Thanks in advance guys.
 
I generally, with the band, decide on a song which we'll mix first that defines the sound of the album. From there I use that as a template. Lots of things won't change much from there.
 
Unless the songs are drastically different in terms of the tracking or tones (like genre blending or having some parts/song use an entirely different drum kit or something), I track and mix entire EPs and albums in one session the whole way through.
 
I'm also about to mix a whole album for the first time. All in one session sounds convenient but it scares me for some reason. I never considered it until this thread actually..
Thanks, something else to be stressed about, because I didn't have enough already...:ill:
 
I've done whole projects in one session before and also new sessions for each song. My last recording was a 2 song demo for my own band. Go figure, something strange happened with the OH mics between the 2 songs. Either something got moved or gain knobs got turned. Seriously pissed me off after spending a while getting a mix together then applying the template to the next song and finding out something was wrong.
 
I'm also about to mix a whole album for the first time. All in one session sounds convenient but it scares me for some reason.
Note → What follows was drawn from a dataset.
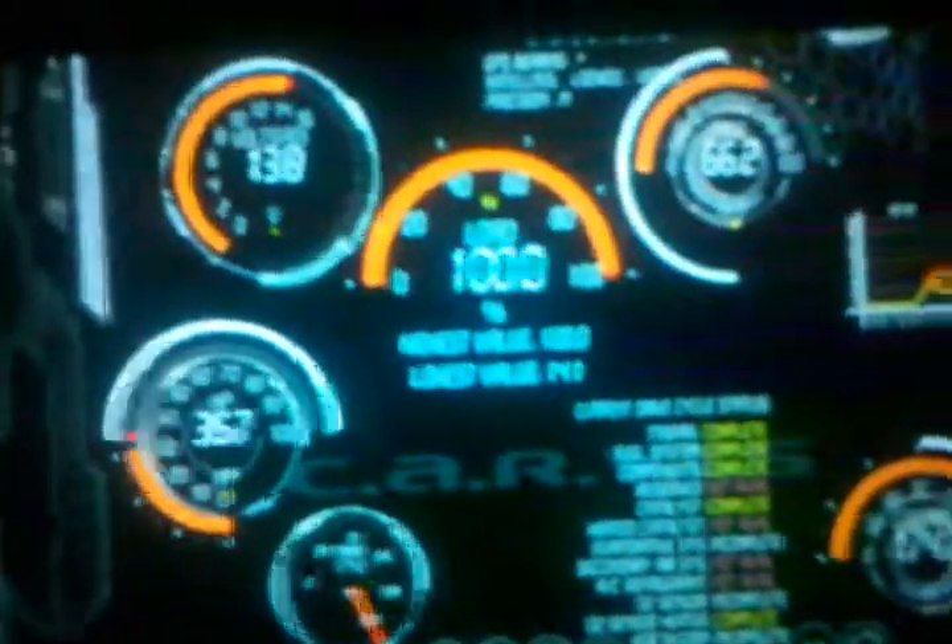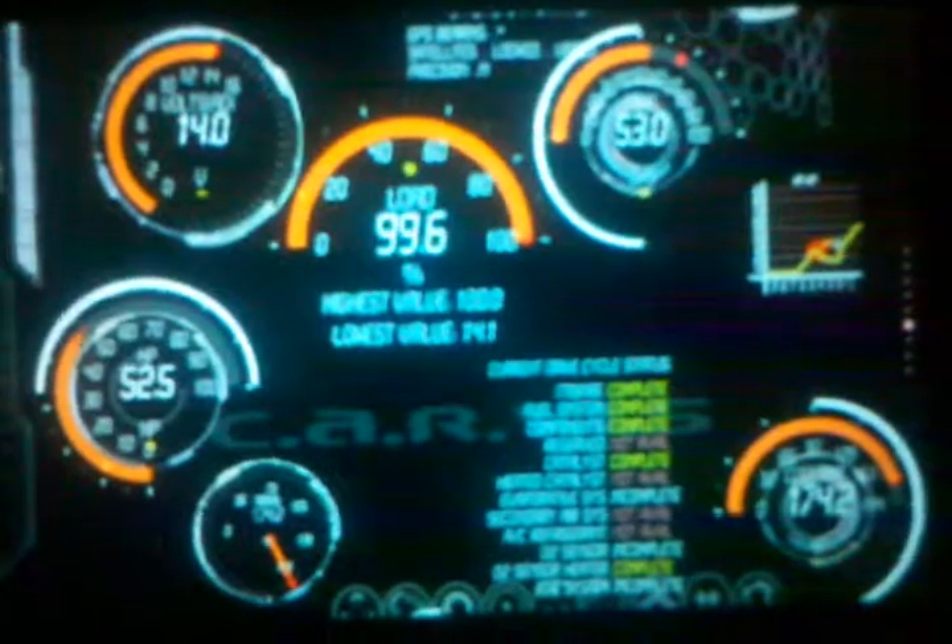This is Quad Helix and this is your CarViz Dash. Working at night. This is badass.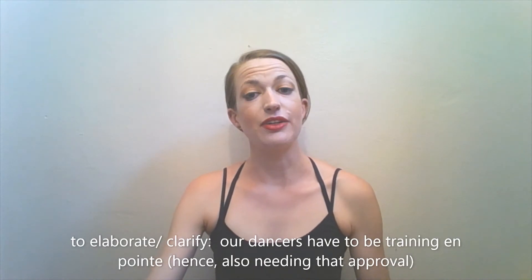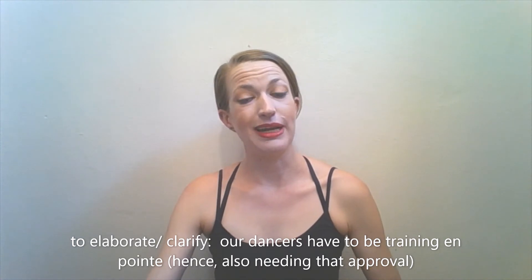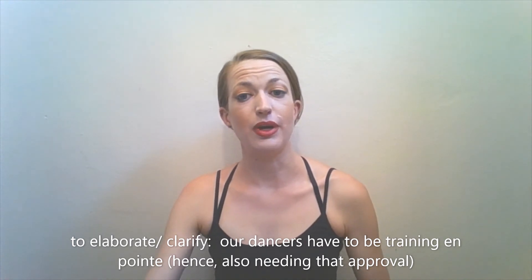Our rule of thumb is you need to be training in demi point and be approved for point work before you are even allowed to do toe stands in my classes, along with the fact that we need to make sure that you're doing it safely and cross training with ballet at that point to make sure that you are training your feet properly.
I never considered it until this thread actually..
Thanks, something else to be stressed about, because I didn't have enough already...:ill:

This is another reason why I don't like doing it all in 1 session. If, for some random reason, that session file gets corrupt....eesh! Of course, you'd be backing it up constantly, but still. Nothing like having a drummer ready to uppercut you through the ceiling after finishing a tough song and then telling him he has to do it again. :lol:

Sorry for double post.
 
This is another reason why I don't like doing it all in 1 session. If, for some random reason, that session file gets corrupt....eesh! Of course, you'd be backing it up constantly, but still. Nothing like having a drummer ready to uppercut you through the ceiling after finishing a tough song and then telling him he has to do it again. :lol:

Sorry for double post.

you can always track in separate sessions, then consolidate them into one album session
 
you can always track in separate sessions, then consolidate them into one album session

Yep, that's another thing I've done. Just that some songs will have extra guitar layering/overdubbing/etc which I guess I should just prepare for all that and have the extra buss's set up and ready to fly.
 
Logic makes this very easy.
I have a template that covers most possibilities re tracks so lots of extra guitar tracks, 8 vocals, 8 bv, 8 "free" tracks for extra stuff, 4 software instruments etc etc.
When I mix the first song I use Logic's copy/paste audio configuration and the next song will have an identical mix, including all plugins, sends, bus assignments etc.
A whole album in 1 session sounds crazy to me.
Too much possibility of something going wrong.
 
yeah all in one is a crazy idea for me too for working on a long detailed project. if its just some cold call of a client singing and playing acoustic guitar or something then one session no problem,

as with mick mentioning that logic makes it easy, protools' import session data is extremely helpful, you import the data from one session to another, and it replaces the channel and processing without changing the audio, wonderful tool, this is how i keep consistency across multiple sessions
 
I'm so lucky I dont have to worry about those issues....tracking all in one seems to be the logical solution for your problem. Good luck and congrats on your new second job.
 
i keep everything in seperate sessions. i use pro tools "import session data" function to get the same settings to start with.
i once worked on an ep in one session and it was a pita when i tried to edit. it gets quite slow because of the length/amount of audio data. also automation was annoying.
certain effects might be automated in one song but not in the others etc...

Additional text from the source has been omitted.